How Coca-Cola Undermines Plastic Recycling Efforts - rahuldottech
https://theintercept.com/2019/10/18/coca-cola-recycling-plastics-pollution/
======
8bitsrule
Long story short:

"If they were truly interested in increasing the recycling rate, a bottle bill
or container deposit law... would be well worth looking at. People are far
more likely to return their bottles if there’s a financial incentive. States
with bottle bills recycle about 60 percent of their bottles and cans, as
opposed to 24 percent in other states. And states that have bottle bills also
have an average of 40 percent less beverage container litter on their coasts,
according to a 2018 study [0] "

[0][https://www.sciencedirect.com/science/article/pii/S0308597X1...](https://www.sciencedirect.com/science/article/pii/S0308597X17305377)

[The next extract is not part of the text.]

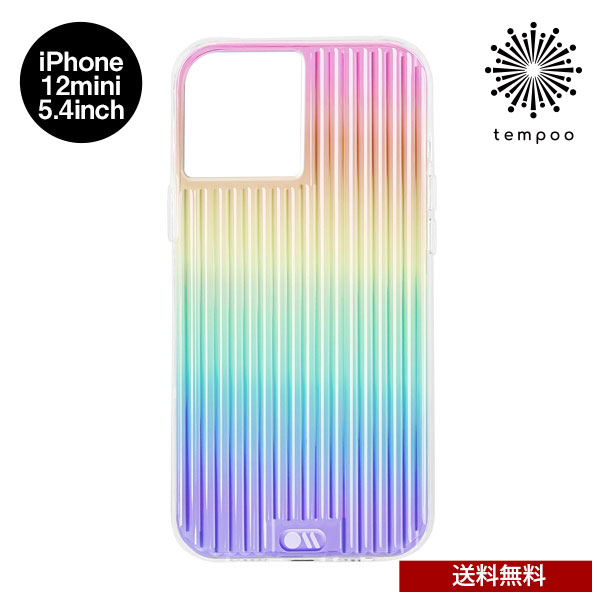 送料無料 メール便 iPhone 12 mini 5.4 CASE MATE Tough Groove Iridescent w/ Micropel アイフォン アイホン ケース カバー スリム シングル 虹 抗菌 耐衝撃 ハイブリッド 大人 人気 レディース 女子 可愛い おしゃれ ケースメイト プレゼント ブランド 2020 NEW tempoo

Personally I'd like to see a -hefty- 'deposit' levied directly on the
manufacturers. If they want to use the bottles, they must assume -complete-
responsibility for the outcome. Else the 'deposits' are used to -solve the
problem-. Why should cities be stuck with the bill?

To help them get the ball rolling, let's start with 25 cents on every bottle
they ship their (expensive sugar-water) product in. Paid to whoever collects
and delivers them to their recycle bins. After 5 years, that goes to 50 cents.
At the point, you'll see no empties in the garbage.